Mardi 12 janvier 18 h15 théâtre Jean Vilar à Suresnes. Dans la grande salle à demi éclairée, le filage de Street Dance Club d'Andrew Skeels, vient de s’achever. Joie d’avoir vu évoluer une heure durant de magnifiques danseurs, dans une chorégraphie inventive et pleine de vie, qui rend hommage à la danse des clubs noirs américains des années 20-30, tout en inventant son propre univers.
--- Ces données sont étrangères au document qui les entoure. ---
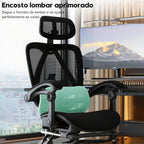 Cadeira de escritório premium Python Fly preta - Estrutura robusta para suporte 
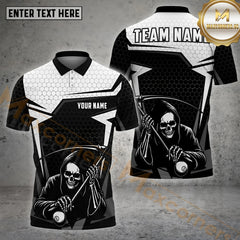 Maxcorners Billiard Black Pattern Grim Reaper 8 Ball Shadow Personalized Name, Team Name 3D Shirt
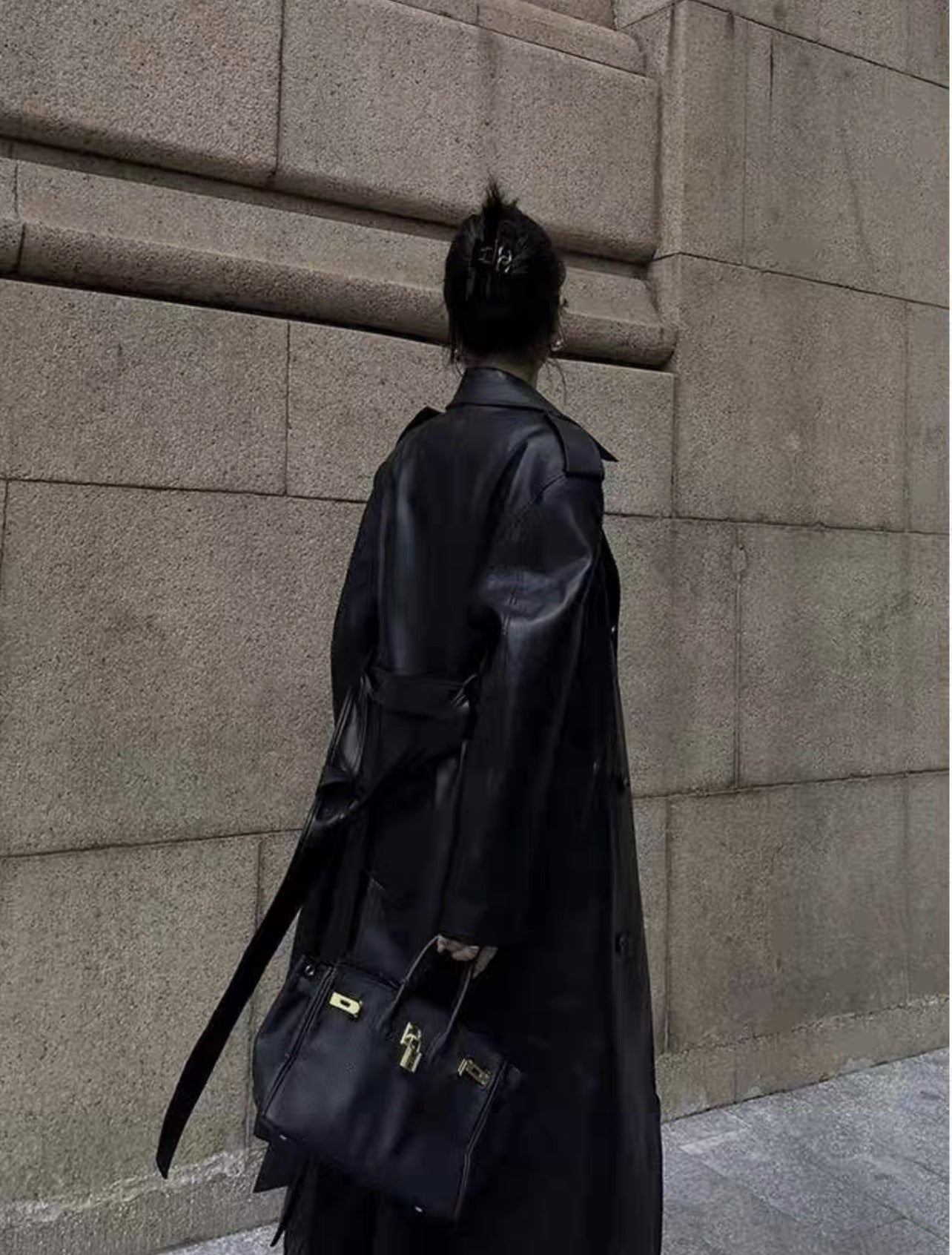 Over the Knee Faux Leather Women Long Coat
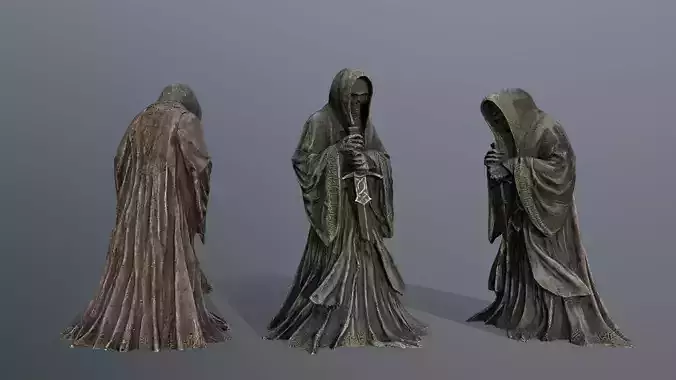 Dark statue Low-poly 3D model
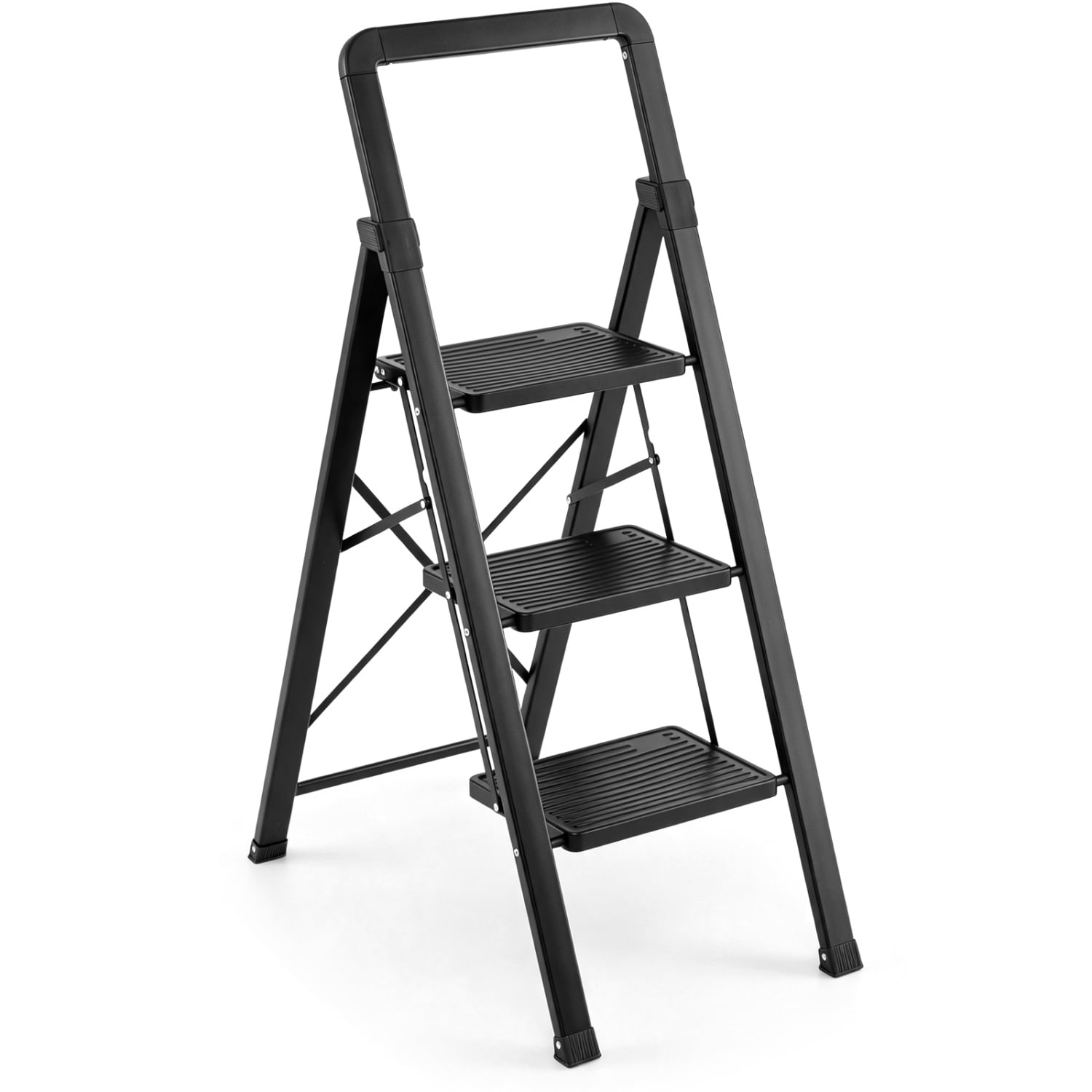 3 Step Folding Step Stool, Wide Anti-slip Pedals, Black Ladders Options at Gallery Canada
De l’esprit Cotton Club et Savoy Ballroom, le chorégraphe n’a pas voulu, en effet, retenir les paillettes. Mais plutôt la naissance d’une nouvelle communauté d’hommes et femmes, unis par la danse et la musique au-delà des barrières imposées alors par la ségrégation féroce régnant aux Etats-Unis. D’où une série d’ensembles très réussis où se rejoue, sous plusieurs formes et combinaisons, l’éternelle dynamique d’un groupe tour à tour excluant puis intégrant des individus à la fois différents et semblables.
Skeels n’a pas son pareil pour faire surgir des images fortes de pyramides de têtes ou de mains, de corps aux mouvements subtilement décalés, et de chaînes de gestes coordonnés s’animant façon jeu de carte. Mais il sait aussi créer de beaux solos et duos où se révèle une écriture ciselée qui, bien que très contemporaine, puise paradoxalement à certaines des sources du mouvement hip hop.
Tout autant que la danse, la partition originale du jazzman Antoine Hervé est indissociable de la pièce. Le compositeur, avec un talent époustouflant, a su restituer l’ambiance sonore de ce pan d’Histoire en reprenant et en réorchestrant les thèmes de plusieurs standards, de Duke Ellington à Billie Holiday. En complicité avec Andrew Skeels, il a privilégié une tonalité souvent nostalgique, comme pour ne pas oublier que derrière leur virtuosité et leur gaieté affichée, les artistes de cette époque vivaient une réalité beaucoup moins rose.
A quelques dizaines d’heure de la première, Andrew Skeels est fébrile. Son Street Dance Club n’est pas la reconstitution plate des danses noires et blanches d’avant-guerre qu’auraient peut-être attendue certains. Mais il en est d’autant plus intéressant. En conjuguant son regard d’Américain d’aujourd’hui sur un passé aussi stimulant que complexe, et l’inspiration apportée par des interprètes nourris d’influences multiples - du krump au new style en passant par le break et l’électro -, il réussit à recréer une filiation inattendue entre la gestuelle saccadée des danses urbaines et la musique des années trente. Dans le pur plaisir de la danse mais sans rien renier du passé, ni du présent.